- **Your goal**
What you write should match, word for word, the lines from the one containing "A 14K YELLOW" through the end of the data, with no pictures.

- **Input data**
-*-

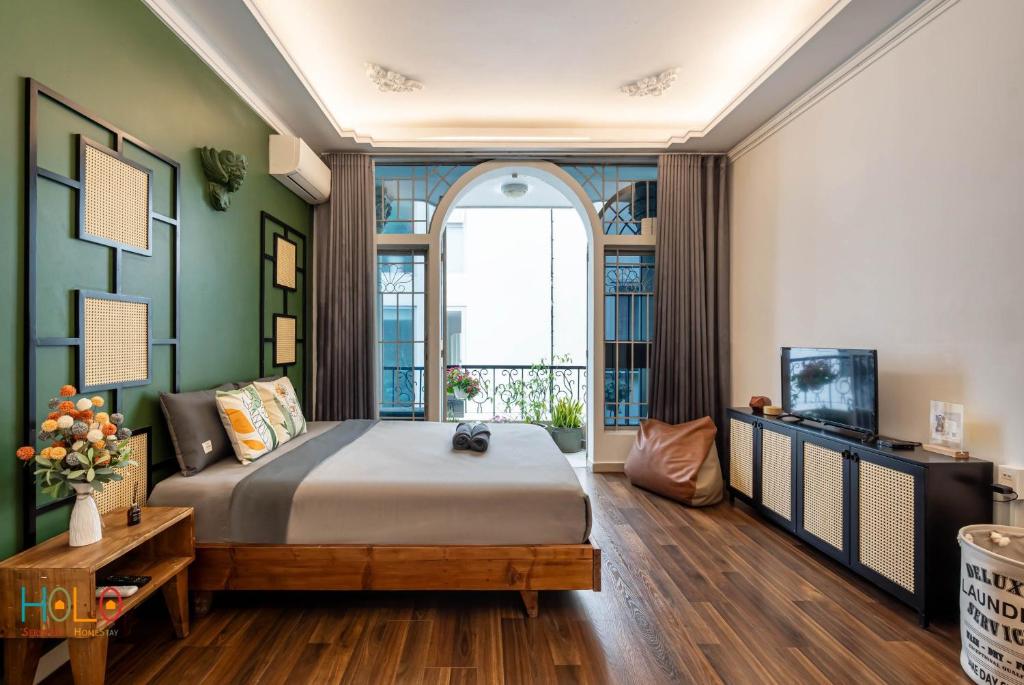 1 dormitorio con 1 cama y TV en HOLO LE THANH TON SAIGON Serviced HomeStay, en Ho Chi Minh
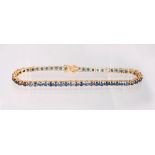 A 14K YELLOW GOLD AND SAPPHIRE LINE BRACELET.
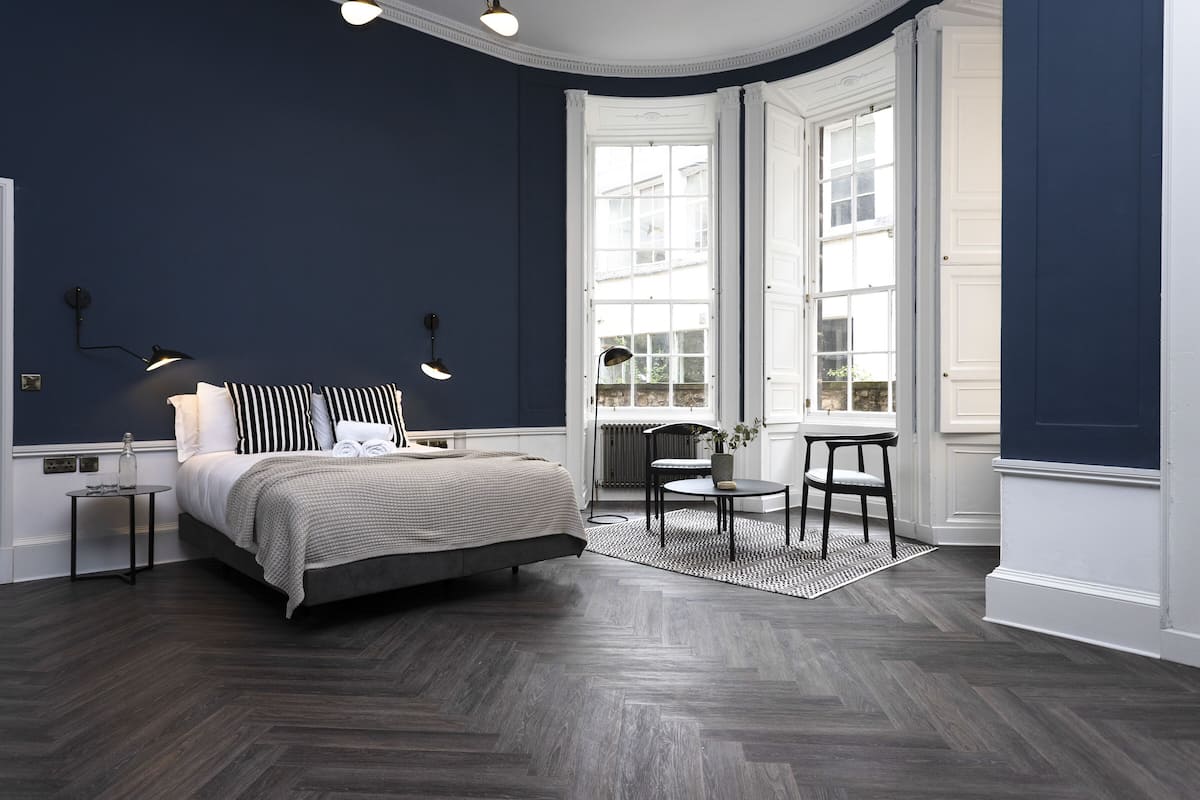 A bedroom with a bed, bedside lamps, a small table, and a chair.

-*-

- **Solution to this exercise**
 A 14K YELLOW GOLD AND SAPPHIRE LINE BRACELET.
 A bedroom with a bed, bedside lamps, a small table, and a chair.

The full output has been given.